Diet, age, and growth rate influences on fish mercury concentrations were investigated for Arctic char (Salvelinus alpinus) and brook trout (Salvelinus fontinalis) in lakes of the eastern Canadian Arctic. We hypothesized that faster-growing fish have lower mercury concentrations because of growth dilution, a process whereby more efficient growth dilutes a fish’s mercury burden. Using datasets of 57 brook trout and 133 Arctic char, linear regression modelling showed fish age and diet indices were the dominant explanatory variables of muscle mercury concentrations for both species. Faster-growing fish (based on length-at-age) fed at a higher trophic position, and as a result, their mercury concentrations were not lower than slower-growing fish.

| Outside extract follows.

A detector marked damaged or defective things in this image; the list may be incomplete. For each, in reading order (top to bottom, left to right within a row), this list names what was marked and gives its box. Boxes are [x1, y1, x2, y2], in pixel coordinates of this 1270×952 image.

Muscle RNA/DNA ratios were used as a physiological indicator of short-term growth rate (days to weeks). Slower growth of Arctic char, inferred from RNA/DNA ratios, was found in winter versus summer and in polar desert versus tundra lakes, but RNA/DNA ratio was (at best) a weak predictor of fish mercury concentration. Net effects of diet and age on mercury concentration were greater than any potential offset by biomass dilution in faster-growing fish. In these resource-poor Arctic lakes, faster growth was associated with feeding at a higher trophic position, likely due to greater caloric (and mercury) intake, rather than growth efficiency.